===== Record extracts

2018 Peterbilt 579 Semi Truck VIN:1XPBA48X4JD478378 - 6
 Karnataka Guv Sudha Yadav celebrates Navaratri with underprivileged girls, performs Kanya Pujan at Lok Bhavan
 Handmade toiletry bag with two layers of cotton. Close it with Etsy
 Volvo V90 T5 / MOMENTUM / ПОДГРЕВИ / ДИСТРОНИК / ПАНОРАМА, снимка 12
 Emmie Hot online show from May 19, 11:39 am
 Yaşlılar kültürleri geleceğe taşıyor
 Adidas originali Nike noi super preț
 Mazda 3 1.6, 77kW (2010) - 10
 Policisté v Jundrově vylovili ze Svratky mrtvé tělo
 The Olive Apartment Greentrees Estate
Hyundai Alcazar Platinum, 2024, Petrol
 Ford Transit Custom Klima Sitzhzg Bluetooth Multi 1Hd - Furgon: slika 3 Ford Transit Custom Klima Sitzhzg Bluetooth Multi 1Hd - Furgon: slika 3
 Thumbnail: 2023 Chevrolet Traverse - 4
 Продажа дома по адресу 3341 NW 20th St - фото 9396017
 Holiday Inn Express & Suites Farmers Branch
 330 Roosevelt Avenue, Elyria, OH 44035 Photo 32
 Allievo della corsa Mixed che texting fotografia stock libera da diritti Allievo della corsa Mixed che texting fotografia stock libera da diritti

==========

Goal of the exercise
Copy out exactly the lines from the line with "Karnataka Guv Sudha" to the end of the listing, including both of those lines, and give nothing else.

Answer
 Karnataka Guv Sudha Yadav celebrates Navaratri with underprivileged girls, performs Kanya Pujan at Lok Bhavan
 Handmade toiletry bag with two layers of cotton. Close it with Etsy
 Volvo V90 T5 / MOMENTUM / ПОДГРЕВИ / ДИСТРОНИК / ПАНОРАМА, снимка 12
 Emmie Hot online show from May 19, 11:39 am
 Yaşlılar kültürleri geleceğe taşıyor
 Adidas originali Nike noi super preț
 Mazda 3 1.6, 77kW (2010) - 10
 Policisté v Jundrově vylovili ze Svratky mrtvé tělo
 The Olive Apartment Greentrees Estate
Hyundai Alcazar Platinum, 2024, Petrol
 Ford Transit Custom Klima Sitzhzg Bluetooth Multi 1Hd - Furgon: slika 3 Ford Transit Custom Klima Sitzhzg Bluetooth Multi 1Hd - Furgon: slika 3
 Thumbnail: 2023 Chevrolet Traverse - 4
 Продажа дома по адресу 3341 NW 20th St - фото 9396017
 Holiday Inn Express & Suites Farmers Branch
 330 Roosevelt Avenue, Elyria, OH 44035 Photo 32
 Allievo della corsa Mixed che texting fotografia stock libera da diritti Allievo della corsa Mixed che texting fotografia stock libera da diritti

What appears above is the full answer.